People in the tourism industry are incentivized otherwise, but other people in Taiwan / Japan aren’t minding the inconveniences, so why are you? In fact, people are kind of enjoying the domestic venues without tourists, especially given the high propensity of Westerners who refuse to wear mask ( even when they are vaccinated ).

Asia is not doing fine and not everyone agrees:

https://www.lemonde.fr/en/environment/article/2022/04/19/in-...

The lockdowns are great for the privileged class that "works" via Zoom meetings and can afford to move to another country if the current one does not sufficiently serve its interests.

So you cherry pick an article about Shanghai, and generalize it to Asia?

The West conveniently omits Taiwan’s and Japan’s continued success with Covid for 2 years while the West sacrificed millions. I’m living my life and commuting as normal. Commute hours are packed full shoulder to shoulder. I feel way safer than in New York. New Zealand is another pacific Island that received outsized acclaim from the West. Guess what’s the difference between New Zealand and those Asian countries?

There’s also Vietnam, which for a country much lower on the economic progression has done exceedingly well.

Ofcourse Westerners and the West will say these Asian countries have skewed data because the don’t have tests. It was nearly impossible to find a covid test within a 2 week time frame in my hometown American city with a population over a million and an NBA team. Even then, I had to use a bot to hog a spot, then pay $200. In Japan, you can receive a test on the day throughout the pandemic and it cost less than $30. 95% of businesses in Japan do temperature checks and require hand sanitizers throughout 2021.

> while the West sacrificed millions

Australia and NZ are usually considered part of "the west". Culturally and ethnically, this is certainly true. You're frustrated people lump everyone in Asia together, as if its all one country. Please don't make the same mistake with "the west". We aren't one country either.

If you want to criticise the USA's handling of covid, do so. Us westerners aren't a homogeneous block either. I'm proud that Australia's covid response was much closer to that of Singapore, Taiwan and Vietnam than it was to the USA and Canada.

what if they said "Europe and North America"?
I wouldn’t object, but I’m not European or North American. Even within Europe there was a variety of responses to covid.
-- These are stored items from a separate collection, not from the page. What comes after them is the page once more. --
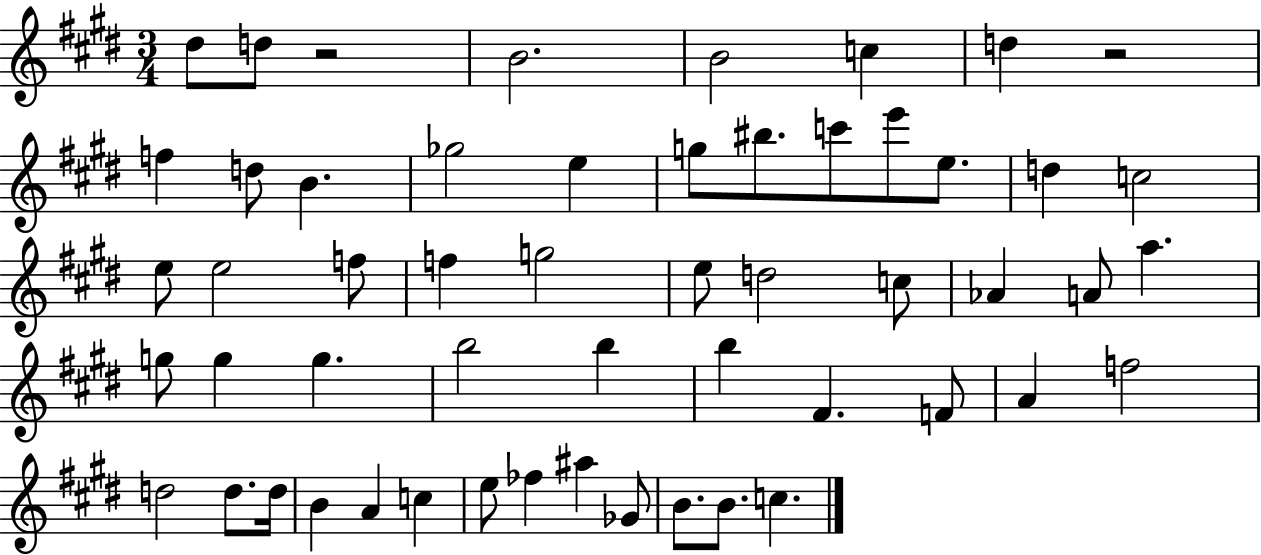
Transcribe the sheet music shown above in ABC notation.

X:1
T:Untitled
M:3/4
L:1/4
K:E
^d/2 d/2 z2 B2 B2 c d z2 f d/2 B _g2 e g/2 ^b/2 c'/2 e'/2 e/2 d c2 e/2 e2 f/2 f g2 e/2 d2 c/2 _A A/2 a g/2 g g b2 b b ^F F/2 A f2 d2 d/2 d/4 B A c e/2 _f ^a _G/2 B/2 B/2 c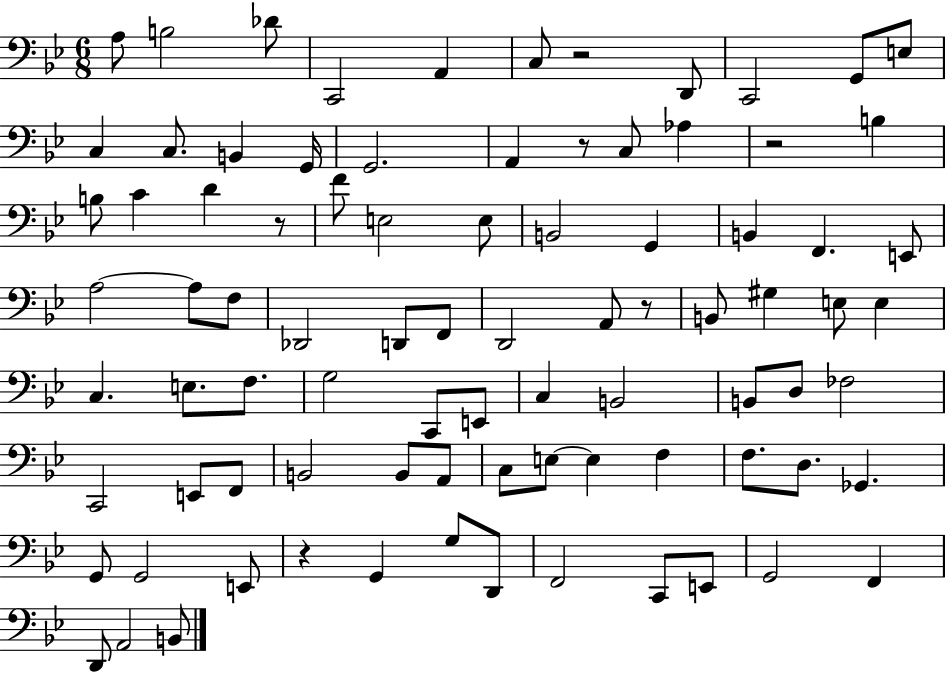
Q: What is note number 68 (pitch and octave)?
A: G2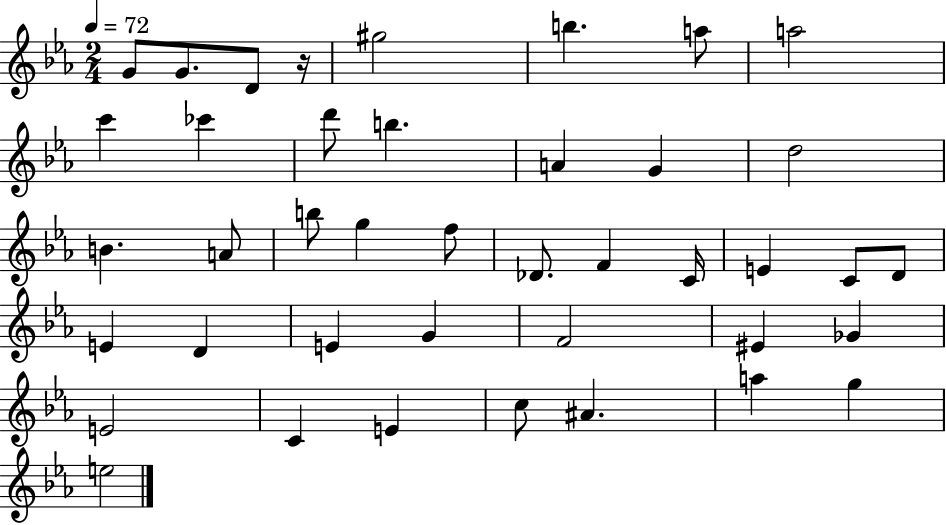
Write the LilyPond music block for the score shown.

{
  \clef treble
  \numericTimeSignature
  \time 2/4
  \key ees \major
  \tempo 4 = 72
  g'8 g'8. d'8 r16 | gis''2 | b''4. a''8 | a''2 | \break c'''4 ces'''4 | d'''8 b''4. | a'4 g'4 | d''2 | \break b'4. a'8 | b''8 g''4 f''8 | des'8. f'4 c'16 | e'4 c'8 d'8 | \break e'4 d'4 | e'4 g'4 | f'2 | eis'4 ges'4 | \break e'2 | c'4 e'4 | c''8 ais'4. | a''4 g''4 | \break e''2 | \bar "|."
}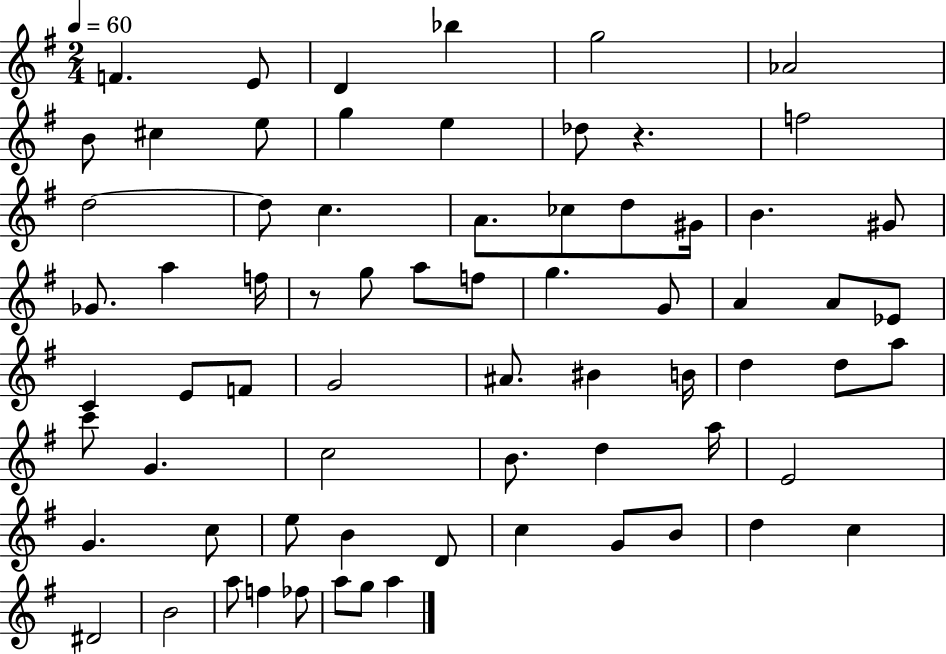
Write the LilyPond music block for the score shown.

{
  \clef treble
  \numericTimeSignature
  \time 2/4
  \key g \major
  \tempo 4 = 60
  f'4. e'8 | d'4 bes''4 | g''2 | aes'2 | \break b'8 cis''4 e''8 | g''4 e''4 | des''8 r4. | f''2 | \break d''2~~ | d''8 c''4. | a'8. ces''8 d''8 gis'16 | b'4. gis'8 | \break ges'8. a''4 f''16 | r8 g''8 a''8 f''8 | g''4. g'8 | a'4 a'8 ees'8 | \break c'4 e'8 f'8 | g'2 | ais'8. bis'4 b'16 | d''4 d''8 a''8 | \break c'''8 g'4. | c''2 | b'8. d''4 a''16 | e'2 | \break g'4. c''8 | e''8 b'4 d'8 | c''4 g'8 b'8 | d''4 c''4 | \break dis'2 | b'2 | a''8 f''4 fes''8 | a''8 g''8 a''4 | \break \bar "|."
}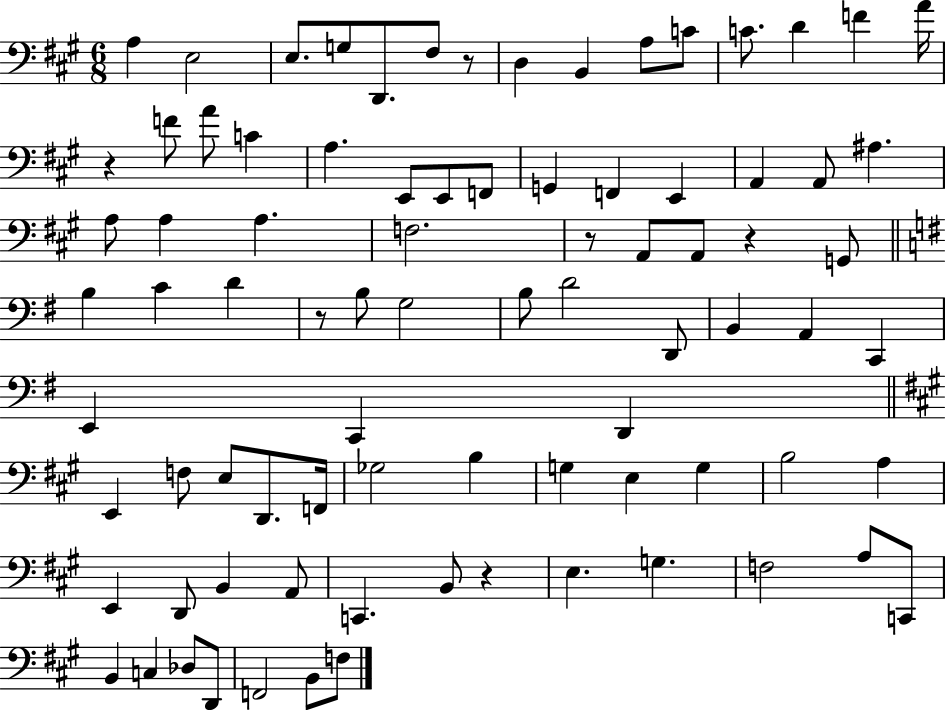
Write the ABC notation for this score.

X:1
T:Untitled
M:6/8
L:1/4
K:A
A, E,2 E,/2 G,/2 D,,/2 ^F,/2 z/2 D, B,, A,/2 C/2 C/2 D F A/4 z F/2 A/2 C A, E,,/2 E,,/2 F,,/2 G,, F,, E,, A,, A,,/2 ^A, A,/2 A, A, F,2 z/2 A,,/2 A,,/2 z G,,/2 B, C D z/2 B,/2 G,2 B,/2 D2 D,,/2 B,, A,, C,, E,, C,, D,, E,, F,/2 E,/2 D,,/2 F,,/4 _G,2 B, G, E, G, B,2 A, E,, D,,/2 B,, A,,/2 C,, B,,/2 z E, G, F,2 A,/2 C,,/2 B,, C, _D,/2 D,,/2 F,,2 B,,/2 F,/2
Different places are different. We may all be addicted to the same smartphones, but globally the way different counties responded to covid differed wildly. Even painting the whole of the USA with the same brush feels a bit reductive.

This is just as true in the west as it is in the east.

Taiwan didn't have a lockdown. I was there from the very start of the pandemic until a couple of weeks ago and other than having to wear a mask in public, the impact was comparatively minor. Restaurants had a brief period of enforced distance between seats but never closed. Night clubs closed briefly last summer.

Local businesses in most other places of the world were hit far harder.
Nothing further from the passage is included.